Courtesy Kay George Roberts
Kay George Roberts
Conductor
By Matthew Guerrieri
Asked to name a particularly memorable performance, conductor Kay George Roberts demurs. “That would be like choosing one child over another,” she says. The performances have been so many: old music and new, touring globally and building locally. Roberts ’76MMA, ’86DMA—the first woman to earn a Yale doctorate in conducting—didn’t have the open path many conductors have enjoyed: “As an African American woman, I found myself a minority within a minority.” So she paved her own way.
Roberts grew up in Nashville, surrounded by both discrimination and historical Black excellence. Her parents worked at Fisk University—her father a psychology professor, her mother a librarian. Roberts’s segregated elementary school had a band but no orchestra. But she caught the attention of Robert Holmes, a soul and R&B songwriter who founded the Cremona Strings to give Black youth musical opportunity. Holmes “handed me a violin,” Roberts says, “and that was the beginning.”
Roberts eventually secured a violin chair in the Nashville Symphony. A summer at Tanglewood—and the experience of performing Anton Bruckner’s Ninth Symphony with Leonard Bernstein on the podium—convinced her: “I decided then and there that music was to be my field.”

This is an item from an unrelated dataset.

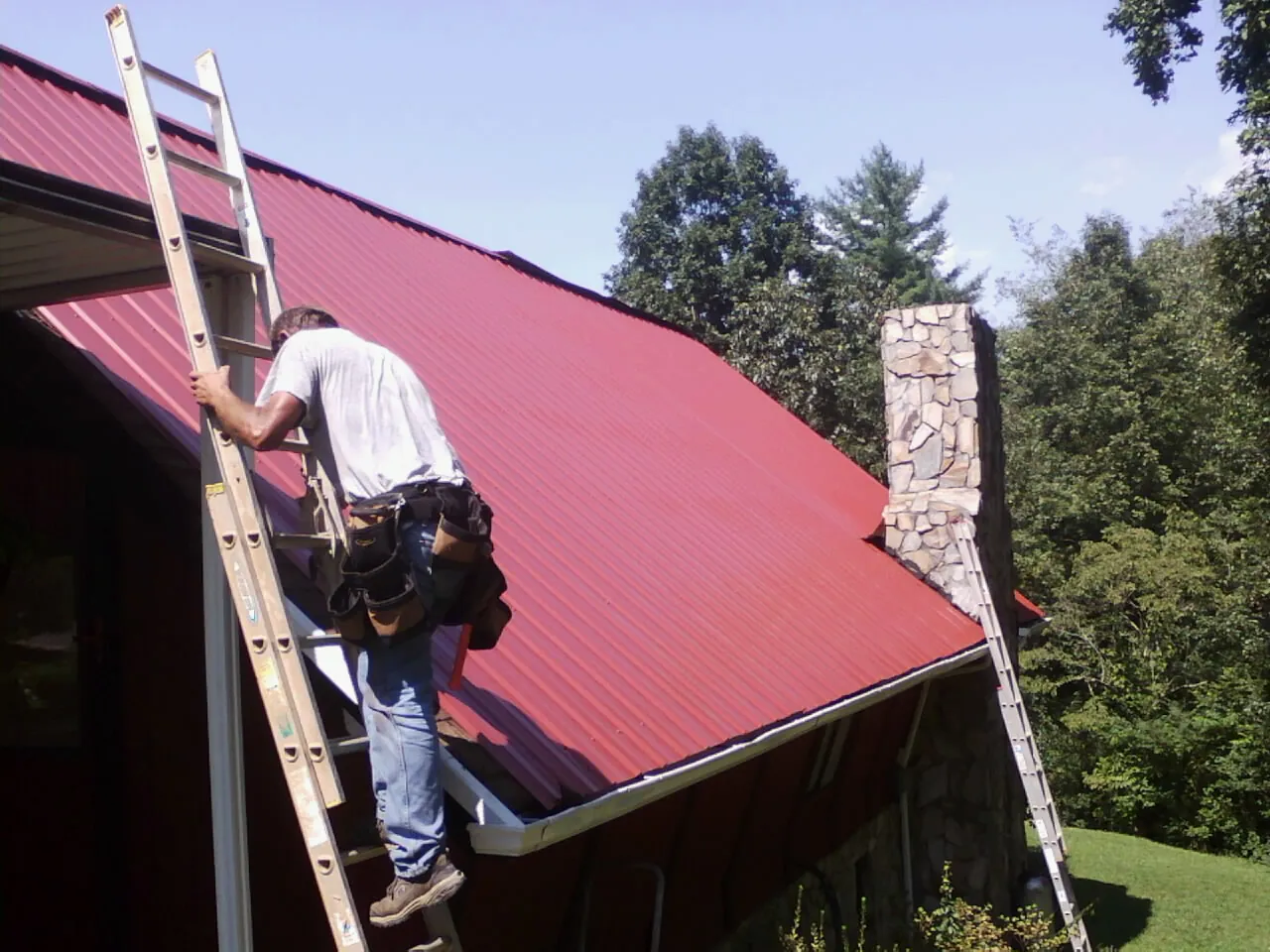 Roofer on a ladder beside a red metal roof and stone chimney — Soffit & Fascia Repair by Roofing Brothers in North Granby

At Yale, Roberts earned two degrees in violin, but a conducting elective with Otto-Werner Mueller, the German-born maestro who led the Yale Philharmonia, changed her path. Imposingly tall and uncompromisingly exact, Mueller had an eye for talent. “He must have seen something,” she says, “because he insisted I should become a conducting major.” She worked with him for three years and found her calling.
From the outside, Roberts’s success was immediate. She returned home for her 1976 professional debut: conducting the Nashville Symphony in a concert in Centennial Park. It was a place that had been closed to her as a child by segregation. She would guest-conduct major orchestras in the US and Europe for the next three decades. But she would also feel isolation and barriers: “There were almost no women conductors in the professional ranks.”

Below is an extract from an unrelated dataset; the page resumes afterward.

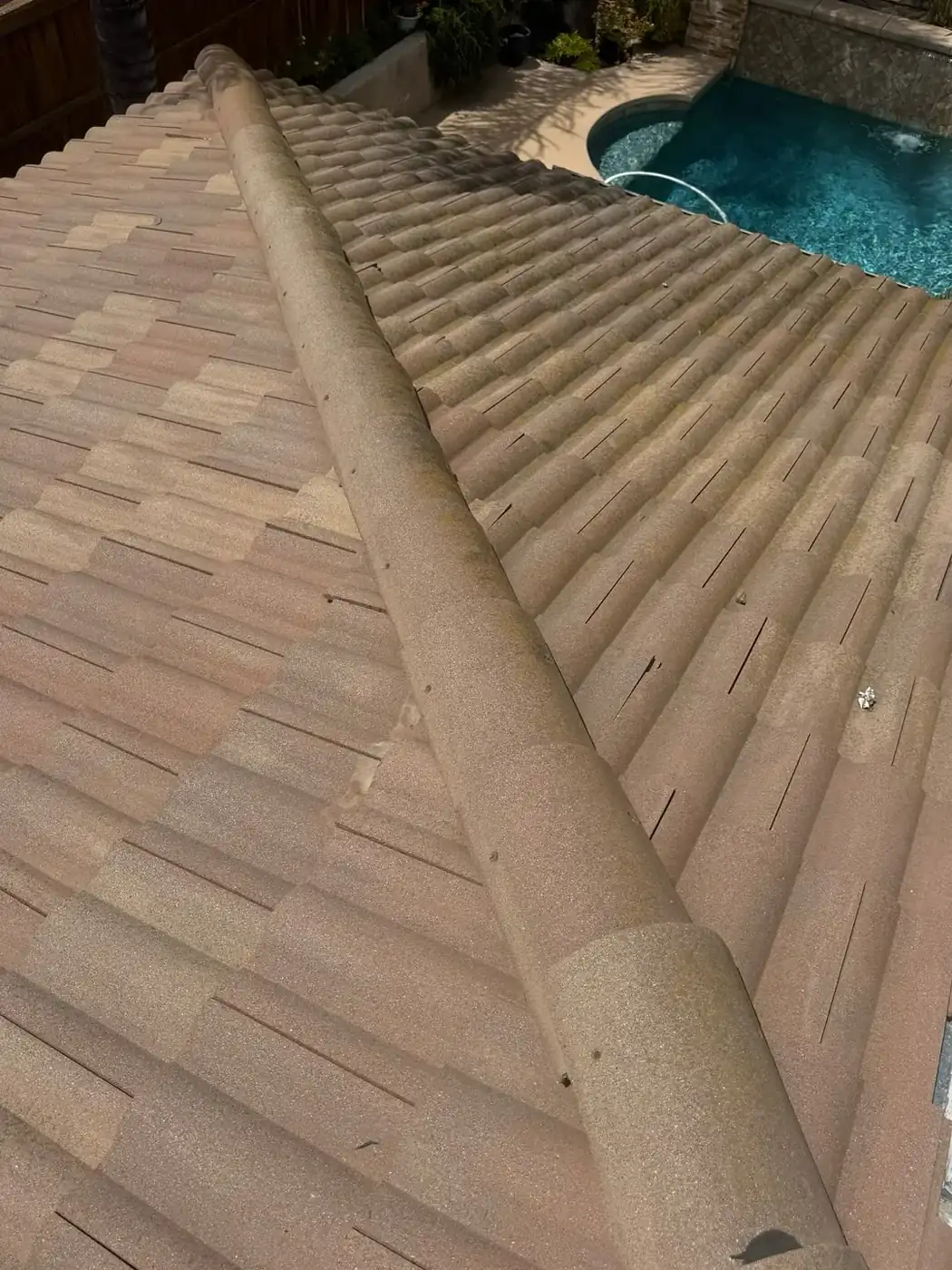 Roof repair technician replacing broken roof tiles in Wildomar, CA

Roberts moved in 1978 to Lowell, Massachusetts, a city of immigrants old and new. She joined the faculty of UMass Lowell, became conductor of the orchestra, and formed a long-term association with a community of musicians and listeners. She founded the UMass Lowell String Project, putting instruments into the hands of local schoolchildren just as Robert Holmes had done for her: “I wanted to give back what’s been given to me.” She started the New England Orchestra, giving students and professionals the chance to make music side by side.
Roberts brought together members of Lowell’s Cambodian, Brazilian, and African communities for a celebration of complementary traditions. She helped bring to fruition an opera about the 1970s Cambodian genocide that sent great numbers of immigrants to Lowell. She led musical celebrations of two of Lowell’s most famous sons: George Chad-wick, the dean of Romantic Boston composers, and Jack Kerouac, the soul of the Beats.
A trailblazer by necessity, Roberts embraced the role, bringing the music of American composers abroad and championing Black and women composers at home. She has viewed her role as “in the broadest sense, one of an educator.” She doesn’t mention opening minds. But along the way she must have opened thousands.